Passion can be defined as a strong inclination towards activities that hold personal significance and compel us to invest time and energy (Vallerand, 2008). These activities are more than just hobbies – they play an important part in our identity. For instance, we may identify ourselves as a basketball player rather than simply someone who plays basketball. These passions, which often include pursuits like sports, music, art, or gardening, are the activities we prioritise because they bring us much fulfillment.

What is harmonious passion?

Harmonious passion occurs when we freely choose activities that are important to us and bring us joy, rather than feeling an uncontrollable urge to engage. These activities often elicit positive emotions, enhance satisfaction, and contribute to our overall wellbeing. Research suggests that harmonious passion is associated with better physical health, self-esteem, creativity, and concentration. Achieving harmonious passion often leads to experiencing ‘flow,’ a state of peak engagement and performance.

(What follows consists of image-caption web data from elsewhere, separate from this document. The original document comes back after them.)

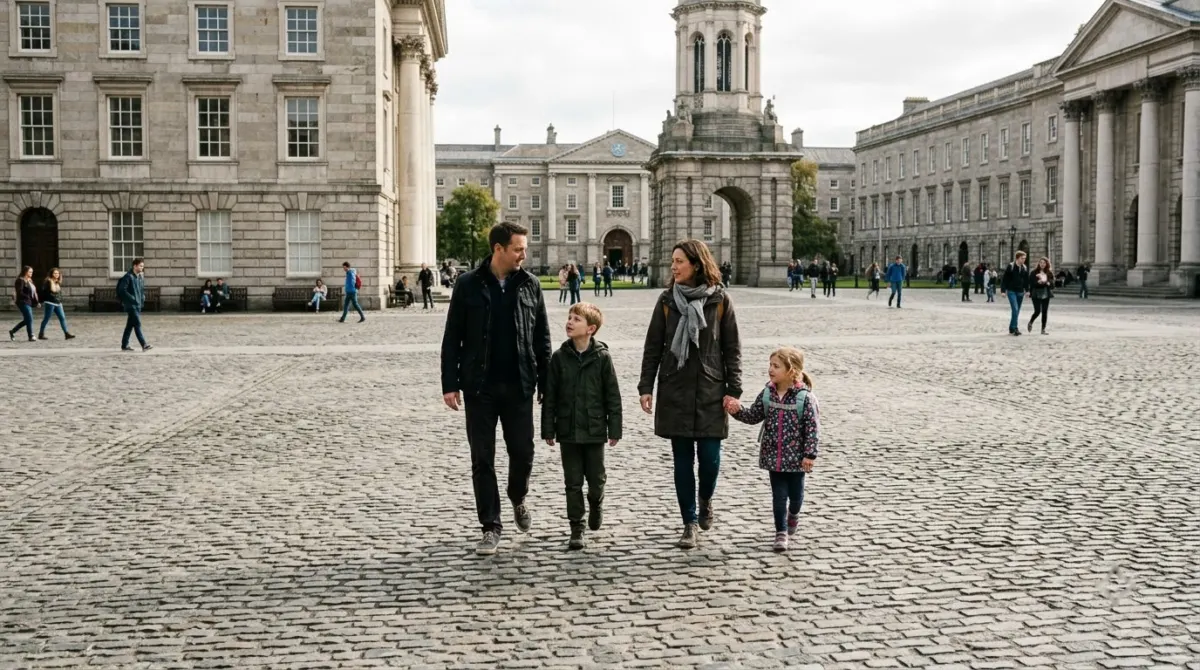 A family with two children walking across a cobbled college square with old stone buildings, Trinity College, Dublin, Ireland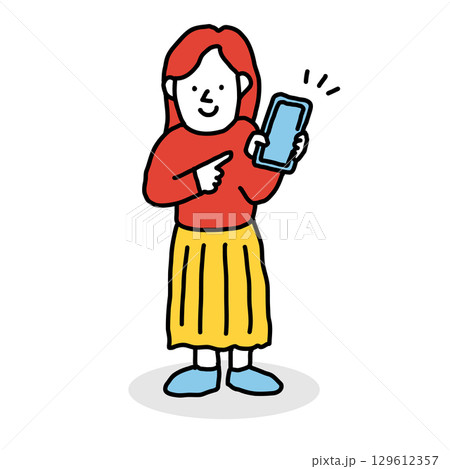 スマートフォンの画面を見せながら指をさす人のイラスト 129612357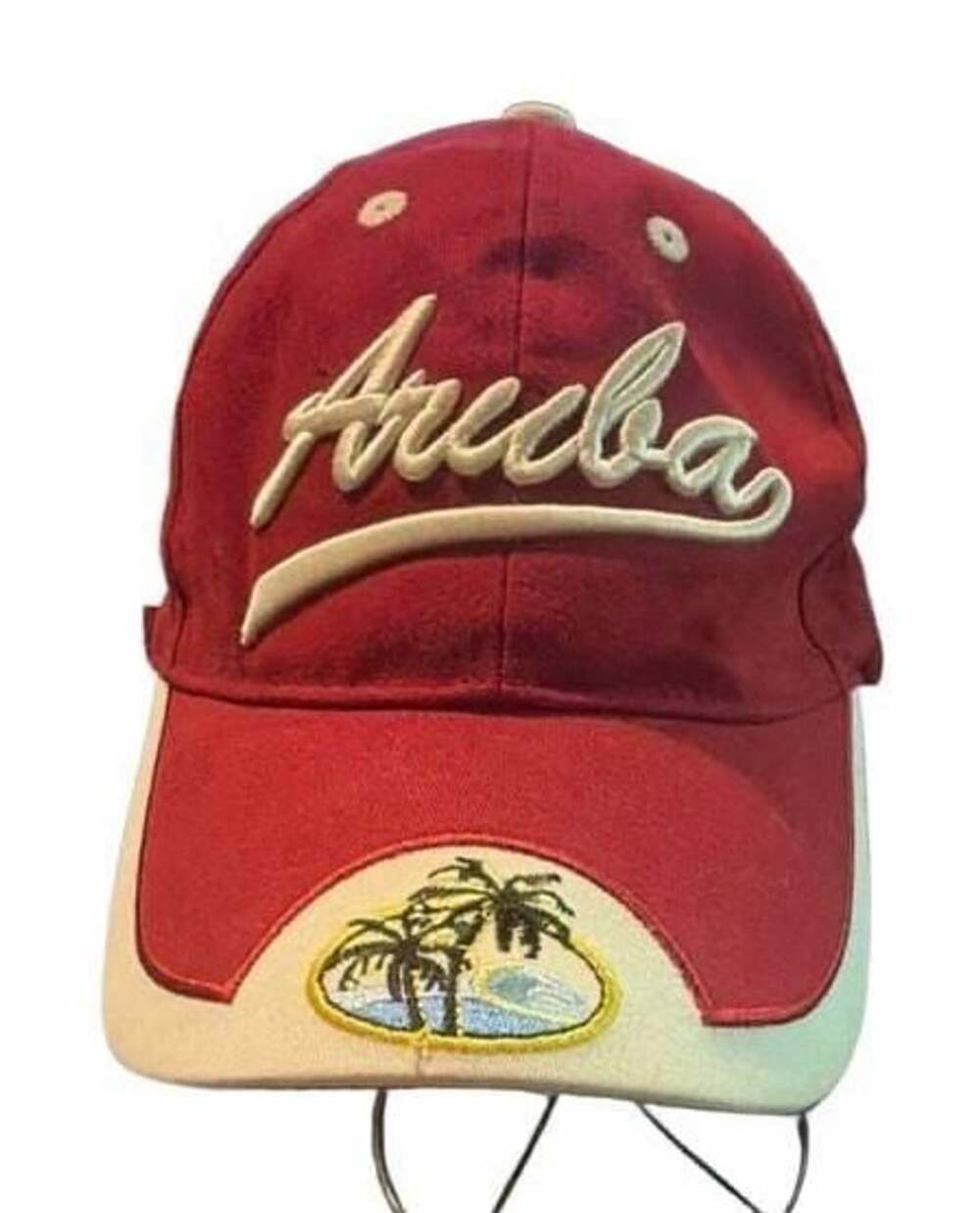 Aruba Baseball Cap Red One Happy Island Embroidered Adjustable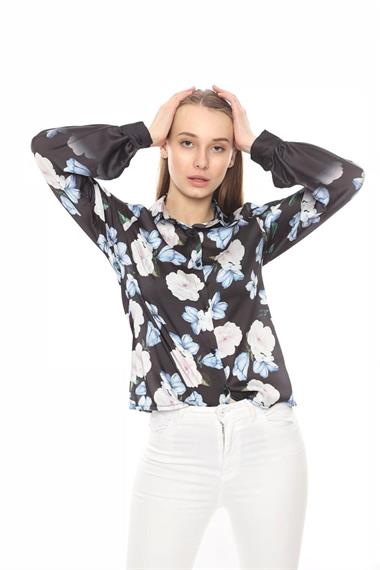 Toptan Siyah Çiçekli Gömlek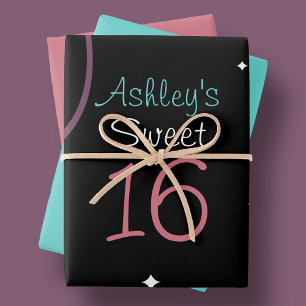 Black With Stars And Swirls Sweet 16 Wrapping Paper Sheet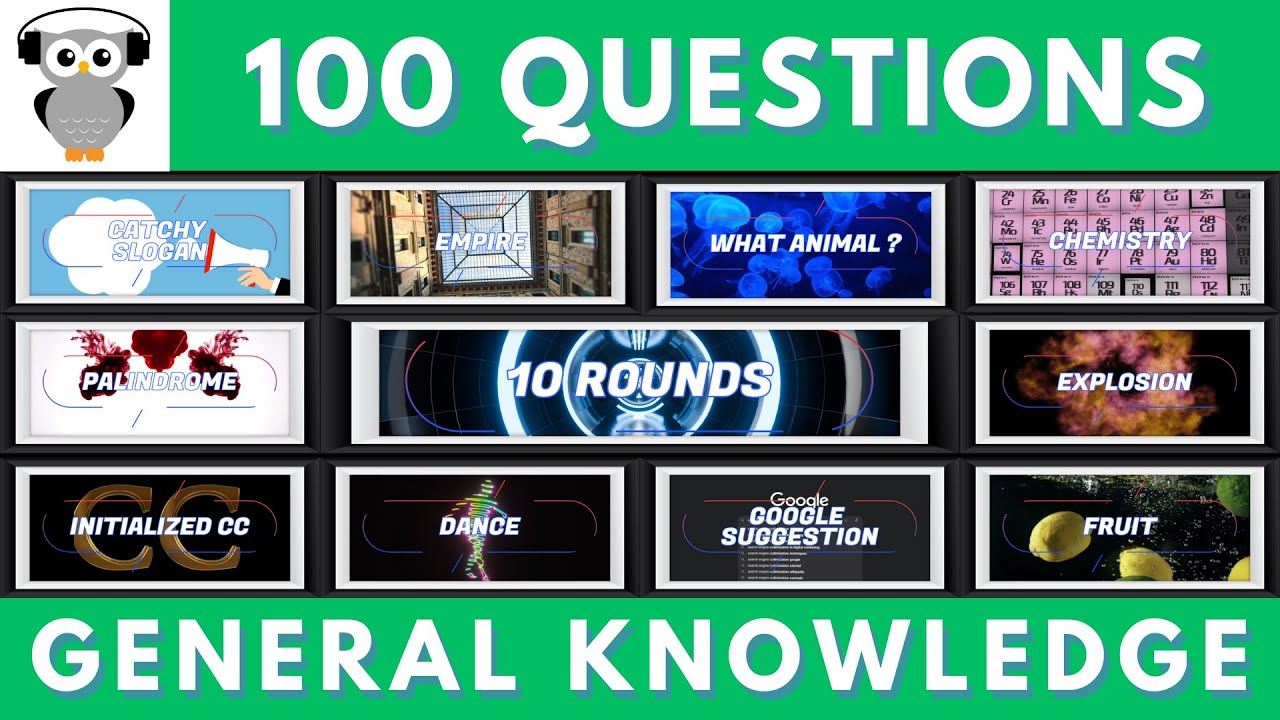 Mega Quiz General Knowledge Trivia 100 Questions 10 Rounds
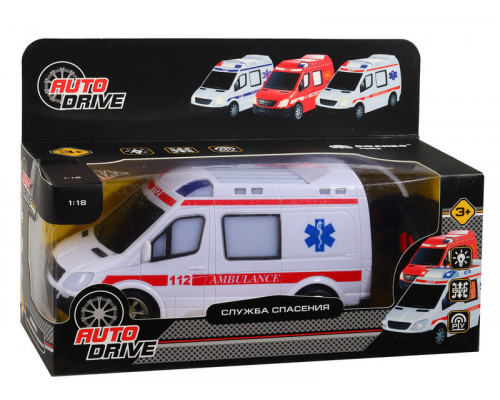 Радиоуправляемая машина AUTODRIVE Скорая помощь, 1/18, белый, 27MHz, свет, в/к, 28*11*19,2см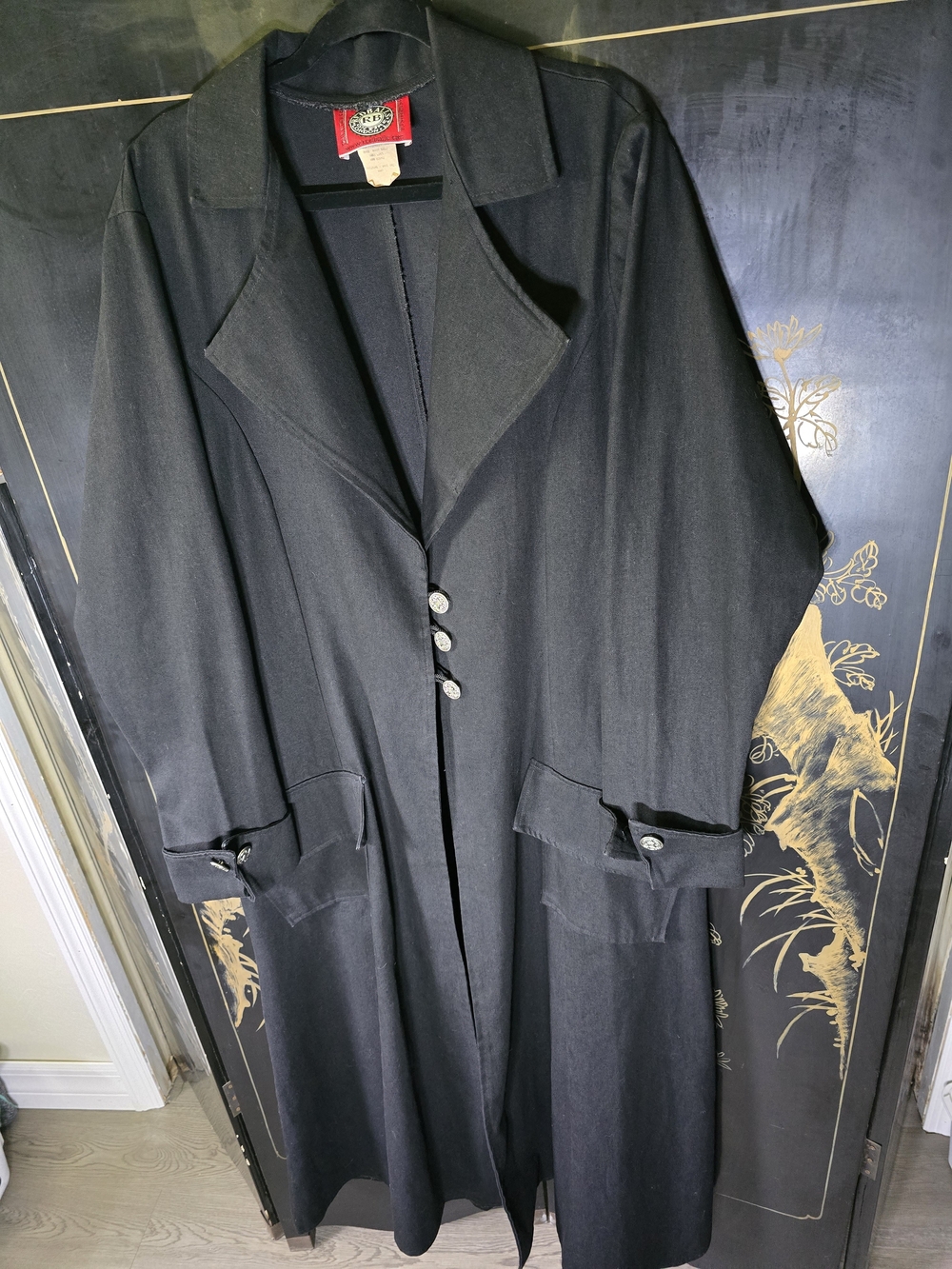 Vintage 90s Redballs on Fire Reverend Black Denim Duster Trench Coat Goth - Picture 4 of 6
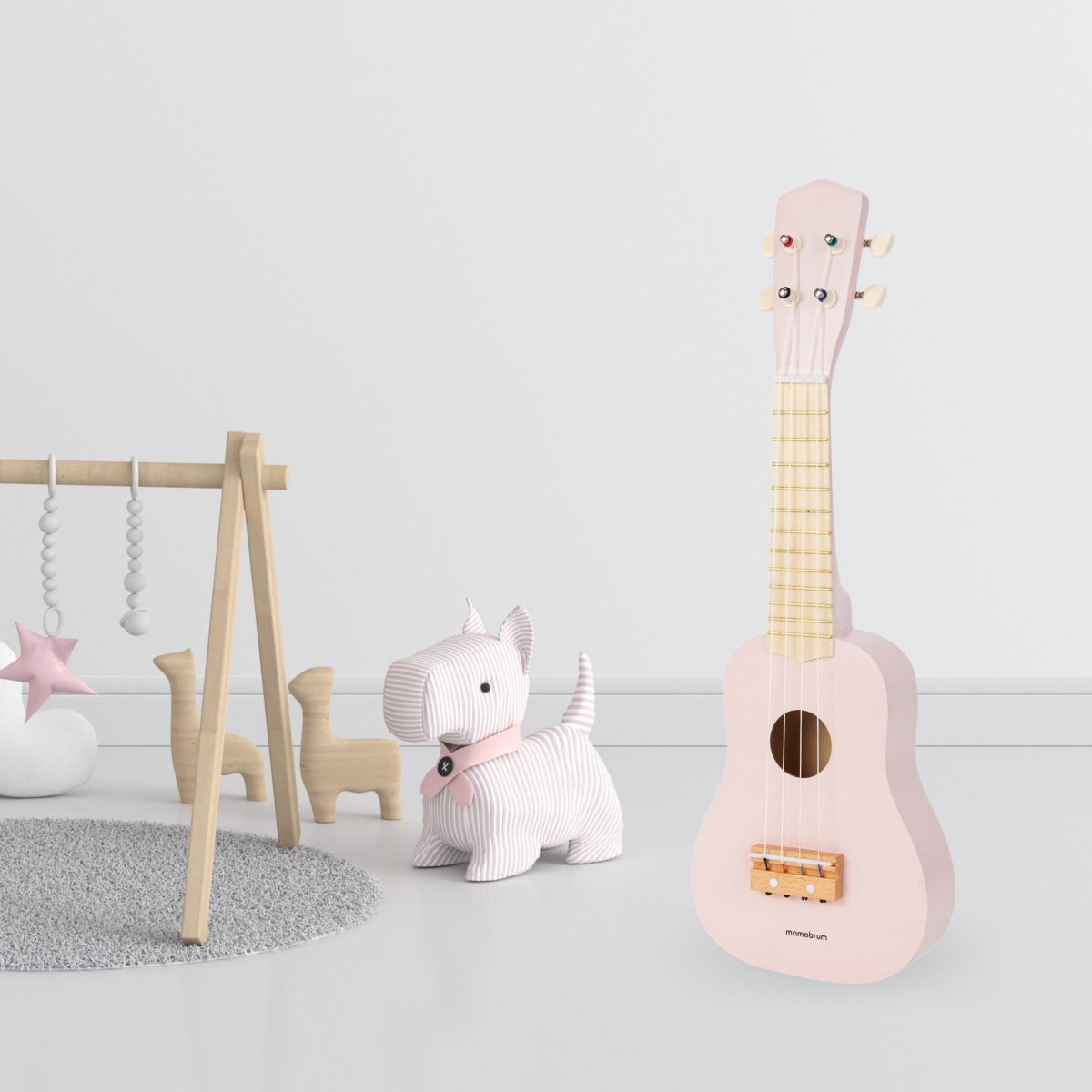 Drewniana gitara dla dzieci - ukulele - kolor różowy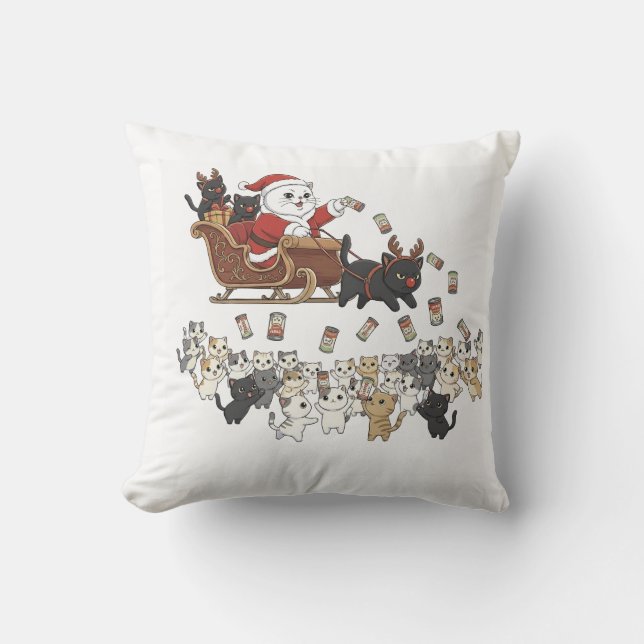 Paper&Pukku Merry Christmas! Throw Pillow (Front)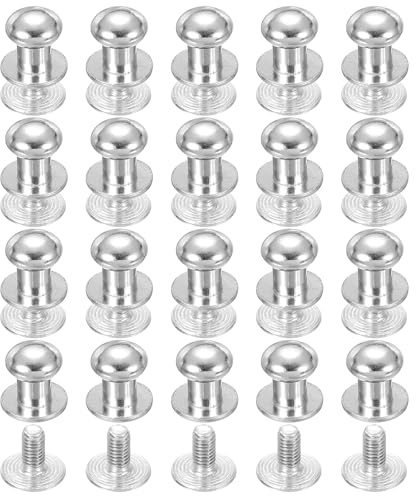 PATIKIL 7 mm Leather Rivets, 20 Sets Ball Head Stud Screw Back Round Head Button Chicago Screw Nipple Stud Rivet for Leather DIY Craft Handbag Belt Repairs, Silver Tone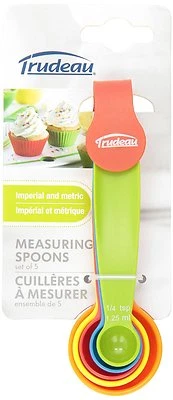 TRUDEAU MEASURING SPOONS MULTICOLOR SET OF 5 DISH SAFE  - Image 1 of 3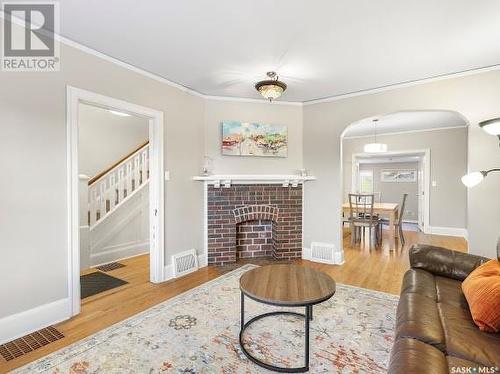 2525 Garnet Street, Regina, SK - Indoor Photo Showing Living Room With Fireplace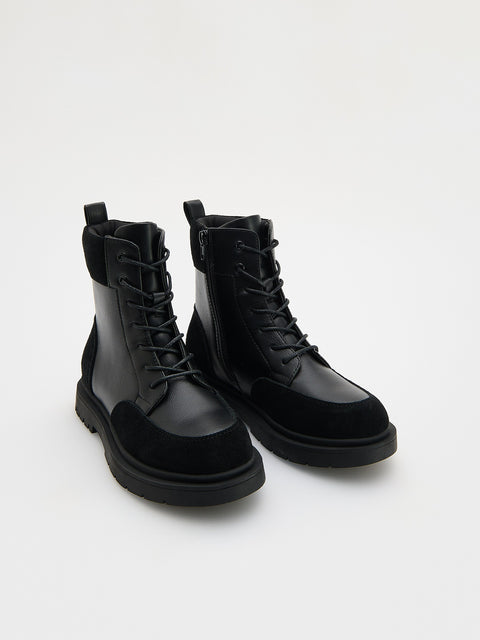 Reserved Boy's Black Ankle Boots With Leather Inserts | Reserved In Lebanon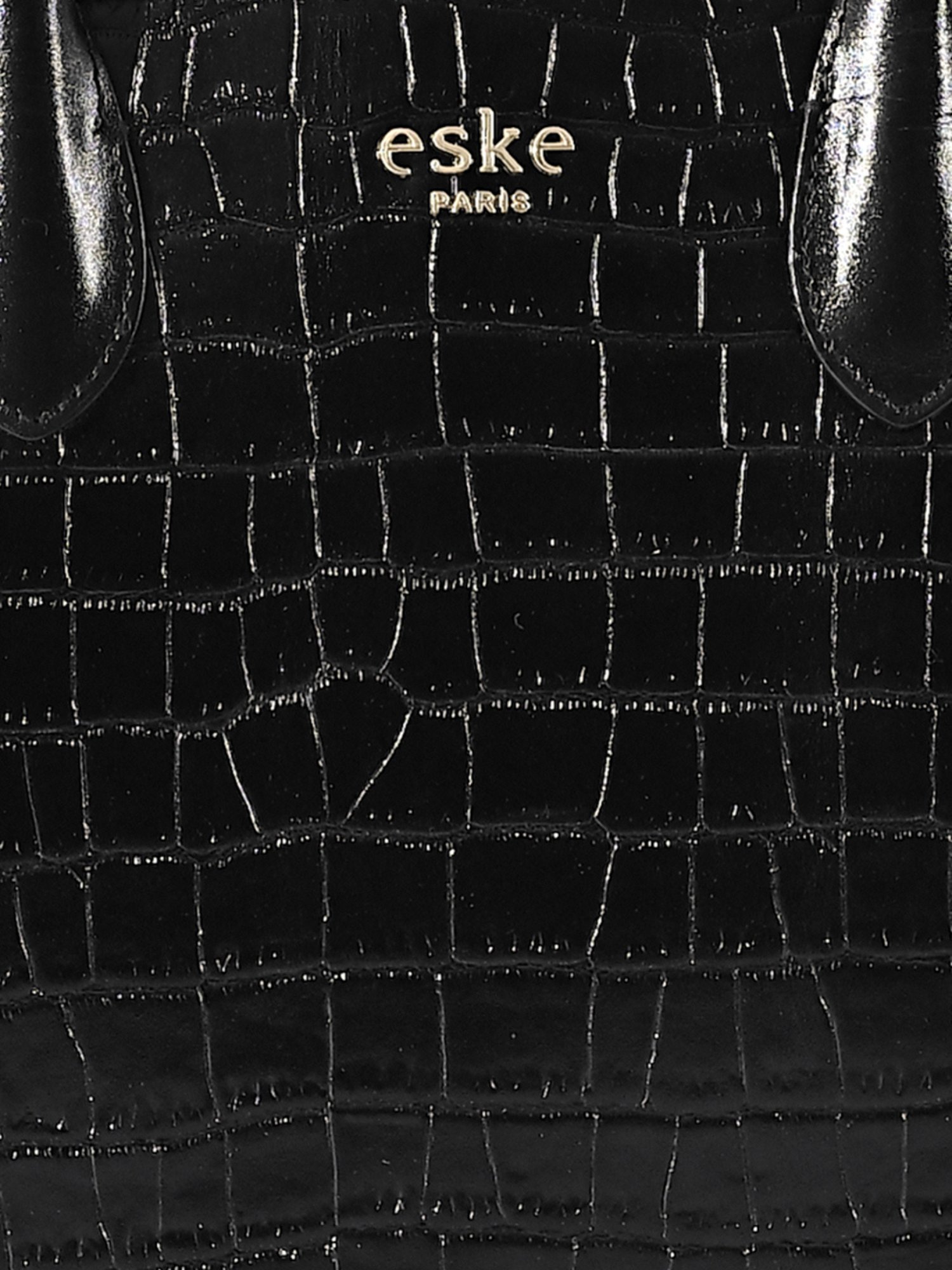 Eske Noah Black Textured Leather Large Satchel Handbag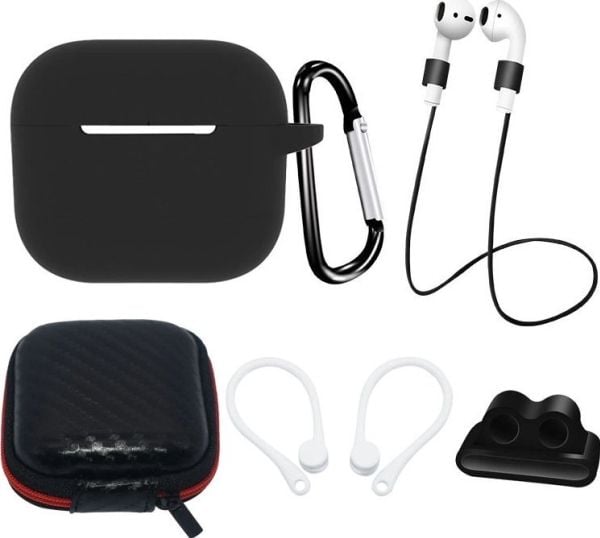 AirPods 3 silikonikotelosarja + kotelo / korvaklipsi / kaulahihna / kellohihnan pidike / karabiini - lajittelu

One of the key features of harmonious passion is that we maintain control over the activity. As a result, we can easily switch off and allocate time to other important aspects of our lives. Unlike obsessive passion, which can overwhelm and create conflicts, harmonious passion allows us to integrate our passions seamlessly with our other priorities, such as spending time with friends or family.

What’s obsessive passion?

Obsessive passion arises when individuals lack control over an activity, and it begins to conflict with other aspects of their lives. Often, this activity becomes deeply intertwined with their identity and may be driven by desires for social acceptance or self-esteem.

Individuals experiencing obsessive passion feel an uncontrollable urge to engage in the activity, even at the expense of neglecting other important areas of their lives. For instance, if work becomes obsessively consuming, individuals may forego holidays, make working late or on weekends a norm, or prioritise checking emails or messages over spending time on hobbies or with loved ones.

Activities of this kind can lead to negative emotions, anxiety, and stress, and can have a detrimental impact on our wellbeing and performance. When people are obsessively passionate about their job, they find it hard to stop thinking about their work, to step away, and can even get upset when they’re prevented from work. This typically occurs when people are reliant on this passion for their self-worth.

How can you get the balance right?

Based on the outcomes associated with the different types of passion, we should be aiming to achieve the more harmonious type.

One of the best ways to do this is to have interests particularly outside of work. Vallerand has found that by having hobbies that light you up can lower your risk of burnout. You also don’t want to have just one interest, which you pursue at the cost of everything else. Because if the passion ends, like a sporting career, what is left?

Additionally, you can consider the following:

  • When it comes to tasks – do you have an endless to-do list or do you mindfully prioritise what is possible each day and either delegate or delay the rest?
  • When it comes to boundaries – do you find it hard to switch off or do you schedule time for rest and recovery and other important things?
  • When it comes to identity – is your self-worth defined by your job? Or not?(@The Wellbeing Lab, 2022).

More and more, we’re seeing obsessively passionate people in the workplace, perhaps because some believe that being obsessively passionate is the best way to succeed.

Of course, leaders want their people to be passionate about their work, as it can lead to greater engagement, satisfaction, and productivity, resulting in higher performance.

Yet, this can be achieved when passion is of the harmonious variety. Although obsessive passion can promote long-term commitment, it can also lead to persistence when it’s no longer sensible to do so and, at worst, could result in burnout. So, leaders should be helping their workers mindfully prioritise tasks, establish and respect boundaries, and support the shift from obsessive to harmonious passion.

Of course, be passionate, but ensure that your passion is of the harmonious kind!